Howard, a 1-and-done grad transfer from Kansas State, has not exactly captured the hearts and minds of a fan base accustomed to first-rounders and Heisman finalists at the most important position. He’s not a blue-chip athlete, projects as a mid-round NFL prospect at best, and didn’t sniff the Heisman vote after turning in his worst performance of the season by far in the loss to Michigan.
Howard stunk up the joint so bad against the Wolverines that the guy he replaced as QB1, exiled 2023 starter Kyle McCord, took the opportunity to enjoy a little schadenfreude at his old team’s expense. (Ironically, McCord actually did crack the Heisman vote, finishing 10th after leading the nation in passing attempts and yards at Syracuse.) Plus there was the whole losing track of the clock sequence at the end of the Buckeyes’ midseason loss at Oregon. By the end of the regular season, it was possible to count Howard as one of the weak links of the Buckeyes’ impending Playoff run, and by some accounts arguably the weakest.
Instead, as the competition has stiffened he’s played the best football of his career. All 3 defenses Howard has faced in the CFP entered the game ranked in the top 10 nationally in pass efficiency defense; all 3 went on to endure their worst outing of the year, each giving up season-highs for both yards per attempt and overall efficiency. Howard has improved on his regular-season output across the board, inching up the FBS leaderboards in the process. He has averaged 306.3 passing yards with 6 TD passes in the 3 Playoff wins. With those performances factored in, he enters the title game ranked No. 2 nationally in Total QBR, No. 3 in efficiency, No. 5 in touchdowns and No. 6 in yards per attempt. CJ Stroud he is not, but you wouldn’t know it from his production over the past month.
Howard owes a fair share of his postseason surge to his offensive line, which has made strides following a rough November. At that point, the front was still a work in progress following season-ending injuries to its 2 best players, tackle Josh Simmons and center Seth McLaughlin, whose absence from the lineup forced 2 new starters into the starting lineup on the interior and a 3rd, senior guard Donovan Jackson, to slide outside to fill Simmons’ spot at left tackle.
In his first start on the blindside, Jackson was posterized by Penn State’s All-American edge terror, Abdul Carter, who recorded 4 QB hurries and 2 sacks at his expense; PFF slapped Jackson with a 0.0 pass-blocking grade.
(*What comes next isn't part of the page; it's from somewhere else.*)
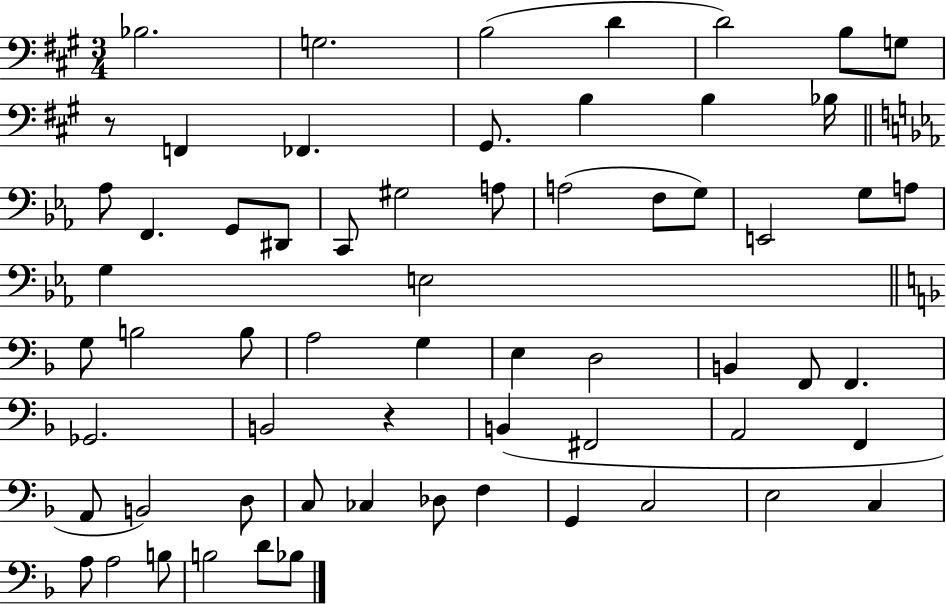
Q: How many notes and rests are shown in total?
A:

He then struggled against Indiana and Michigan, giving up 7 combined pressures and 3 hits across those 2 games. In the CFP, though, Jackson has been a rock, allowing a grand total of 2 pressures and 0 sacks on 99 pass-blocking snaps. Altogether, Tennessee barely laid a hand on Howard the first round, and Oregon didn’t fare much better in the Rose Bowl. Texas sacked him twice but had to resort to sending extra rushers to generate sustained pressure.
Notre Dame is comfortable with taking risks: The Irish blitzed on exactly 50% of their total pass-rushing snaps in their CFP wins over Georgia and Penn State, partly out of necessity – their best pass rusher, senior Rylie Mills, missed both games after suffering a season-ending knee injury against Indiana – and partly due to their confidence in a stellar secondary to hold up its end of the bargain. The results have been mixed.
All 4 of Notre Dame’s sacks against UGA came on standard 4-man rushes, per PFF, including the crucial strip sack by edge rusher RJ Oben that set up the Irish’s only offensive touchdown of that game just before halftime. (A heck of a moment for Oben, a full-time starter, to notch his only sack of the year.) Against Penn State, though, most of the pressure on Lions’ QB Drew Allar came from the second level, including the rush by linebacker Jaylen Sneed (No. 3 below) that forced Allar to serve up a killer interception in the final minute of regulation. The game-winning field goal followed 30 seconds later.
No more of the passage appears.